Face à toutes ces questions, ce n’est pas à l’Allemagne, à la Suède ou à l’Autriche qu’il faut faire appel. Deux autres raisons poussent à relativiser encore plus le rôle du fameux « cœur » de l’Union européenne. La première est la montée en puissance de toute l’Amérique latine, avec le Brésil, le Mexique et l’Argentine en tête. Outre les aspects linguistiques, culturels et historiques, capitaux en la matière, l’Espagne (et dans une moindre mesure le Portugal) jouent un rôle économique énorme dans la zone… qui n’intéresse en rien Bruxelles ! Madrid détient le deuxième stock d’investissements sur place (après Washington) et, si la Chine finira bien par dépasser l’Espagne en la matière, cette dernière y conservera une forte influence ne serait-ce que pour les liens forts qu’elle y entretient, avec la participation active des pays latino-américains. Le deuxième facteur qui doit pousser à relativiser la place des pays du « cœur » européen est leur effondrement démographique, particulièrement en Allemagne (un Allemand sur quatre devrait disparaître d’ici à 2050 selon l’ONU !). Limité géographiquement, culturellement et géopolitiquement, le monde germanique et scandinave voit aussi les multinationales françaises profiter de leur force en Afrique et les grandes banques et entreprises espagnoles passer le cap de la crise sans difficulté systémique grâce à leur forte implantation en Amérique latine. L’affaiblissement de l’Europe méditerranéenne, particulièrement en Espagne et au Portugal, ne durera pas éternellement. Il suffit de constater que Madrid réussit aujourd’hui à faire ce dont la France est incapable depuis plus de dix ans, c’est-à-dire augmenter ses exportations dans bien des secteurs, mais aussi à mener une politique linguistique et culturelle efficace pour les 500 millions d’hispanophones au monde.
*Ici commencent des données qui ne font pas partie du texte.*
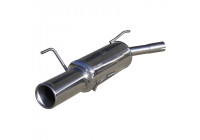 InoxCar exhaust suitable for Opel Corsa C 1.4 (90 hp) 2000- 102 mm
Pourtant, le discours médiatique et politique dominant continue de présenter le « cœur » de l’Europe comme l’acteur majeur du continent et de l’Union… et ce pour l’éternité. Pourquoi ? Sans doute parce que beaucoup se refusent à voir ce qu’ils constatent pourtant objectivement : l’effondrement démographique allemand et le caractère inaudible de sa culture à l’échelle internationale vont mener à une profonde redistribution des cartes (une baisse de la population allemande aussi importante diminuera forcément son poids économique global). Mais aussi parce que beaucoup de nos élites sont issues du monde des années 1950, 1960 et 1970, où seule la Triade (Europe des « pères fondateurs », États-Unis d’Amérique et Japon) comptait.  Les pays d’Europe méditerranéenne étaient encore repliés sur eux-mêmes, l’Amérique latine n’existait pas, l’Afrique achevait son lent processus de décolonisation… Mais le monde a changé à tous points de vue et ce changement nous ramène à un constat simple : l’Europe est une péninsule de l’ensemble eurasiatique. Qui songerait à chercher un cœur à la queue d’une poêle ou d’une pomme ? Pourtant, la queue de la poêle ou de la pomme ont une utilité certaine : permettre de saisir la poêle ou d’accrocher la pomme à sa branche, c’est-à-dire de faire communiquer la poêle ou la pomme avec d’autres éléments. Contrairement à ce que peuvent dire trop promptement certains chercheurs de l’Institut de Relations Internationales et Stratégiques, le rôle des péninsules et de toute l’Europe méditerranéenne sera majeur à l’avenir. Le temps du « bloc continental » européen, où le « cœur » domine, est aujourd’hui plus proche de sa fin que de son apogée, l’Europe va devoir s’en rendre compte. Ou elle payera très cher cette grande erreur.